5.2 Data Imbalance in PMA
The balance between the number of mutant-test pairs that result in kills and non-kills cannot be known in advance, and likely not to be perfectly 1:1. As Seshat is essentially solving a classification problem, here we consider the implications of data imbalance.
The text-based nature of Seshat prevents the use of resampling approaches such as SMOTE [3] or ADASYN [17]. Therefore, we investigate the impact of class imbalance on Seshat using random over- and undersampling (allowing duplicates). We over- and undersample the training data to make the class ratio 1:1. Subsequently, we train new models and evaluate them on the same subjects. Compared to the results of RQ1, with Major, the average F-score increases by 0.026 and 0.025 when we use over- and undersampling, respectively. With PIT, however, F-score decreases by 0.001 with oversampling, and increases by 0.010 with undersampling.

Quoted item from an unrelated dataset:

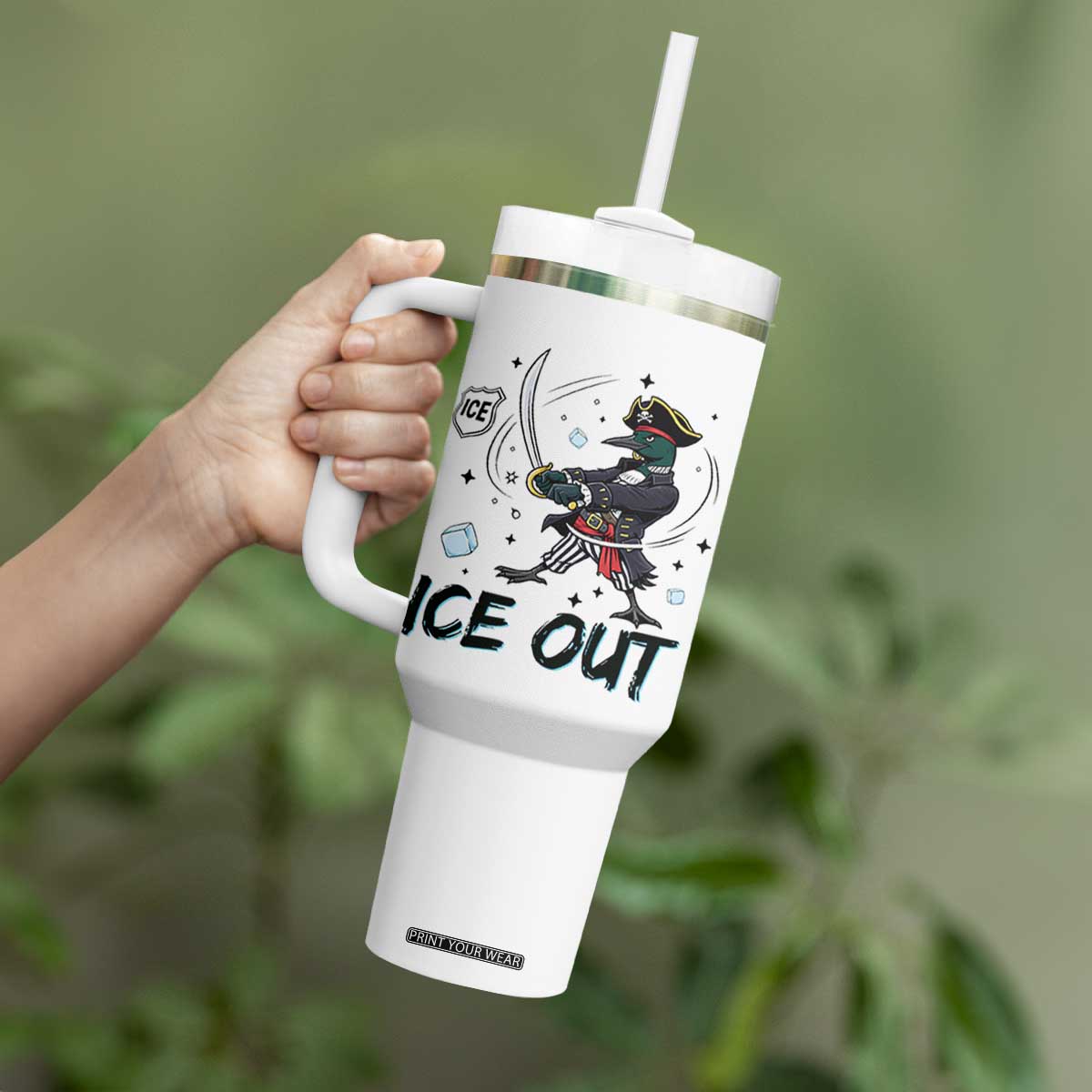 Funny Pirate Common Loon Minnesota Defends Abolish Ice Tumbler With Handle TS12 Print Your Wear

The different responses to over- and undersampling between Major and PIT can be attributed to the status of their initial imbalance. The initial class ratio between killed and not killed mutants generated by Major across all studied versions is 0.396 on average. With PIT, the initial imbalance ratio is much minor at 0.985 on average: there are actually more killed mutants than not killed ones in some projects. We suspect that this leads to over- and undersampling having more random effects on the results.
We note that the difference in F-score between initial and resampled results are not significant. Data imbalance will have more significant consequences if it only appears in the training data. However, due to the continuity in development, projects with imbalanced kill matrices are likely to exhibit the same imbalance in the future, resulting in relatively minor consequences in our cross-version evaluation.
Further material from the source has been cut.